API-first issuance, granular controls and deep integrations with accounting and expense systems dramatically reduce operational lift for finance teams. When virtual cards are embedded directly into the tools SMEs already use, complexity disappears into the background.
Mastercard’s research shows a strong correlation between virtual card usage and SME scale. SMEs in the top revenue quartile report 88% utilisation, rising to 96% among the largest firms. Digitally native and emerging SMEs also outpace mature, legacy organisations. But scale alone does not explain adoption.
What matters is context. When virtual cards are delivered through platforms SMEs already rely on, with permissions, controls and automation built in, adoption becomes operationally easy, even for more conservative businesses. Embedded finance lowers the perceived risk of change by making new capabilities feel familiar.
For SMEs, loyalty is not driven by brand promises or feature lists. It is earned through daily usefulness. Platforms that embed virtual cards into core workflows remove friction, reduce manual effort and provide real-time financial clarity. In doing so, they move from being helpful tools to becoming essential infrastructure.
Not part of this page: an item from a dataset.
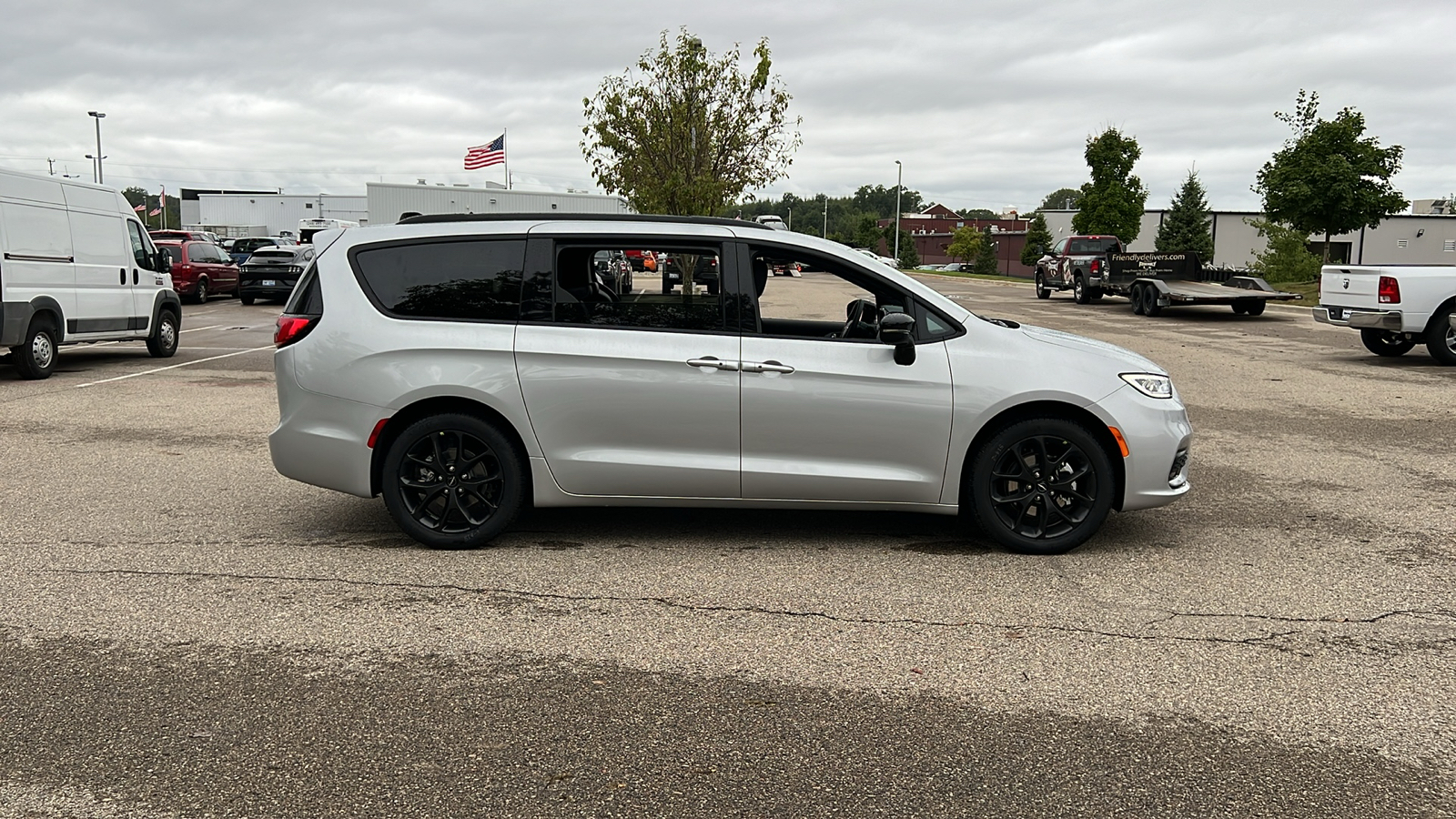 2024 Chrysler Pacifica Touring L 3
Mastercard’s research highlights the scale of the opportunity: nearly 70% of SMEs believe virtual cards would meet their needs better than incumbent transfer methods. Demand exists, but SMEs will only adopt what is intuitive, integrated and embedded into the tools they already trust. This is where embedded finance becomes a loyalty engine.
By end of 2026, virtual cards will no longer differentiate platforms by their presence, but by how deeply they are embedded and how intelligently they are delivered. SMEs are not asking for more financial products. They are asking for fewer decisions, clearer controls and confidence that their finances are working quietly in the background. Embedded finance delivers that outcome.
For platforms and financial institutions, the opportunity is clear: embed virtual cards where SMEs already work, support them with education and automation, and transform a transactional payment tool into long-term loyalty. That is how embedded finance defines the next era of SME relationships.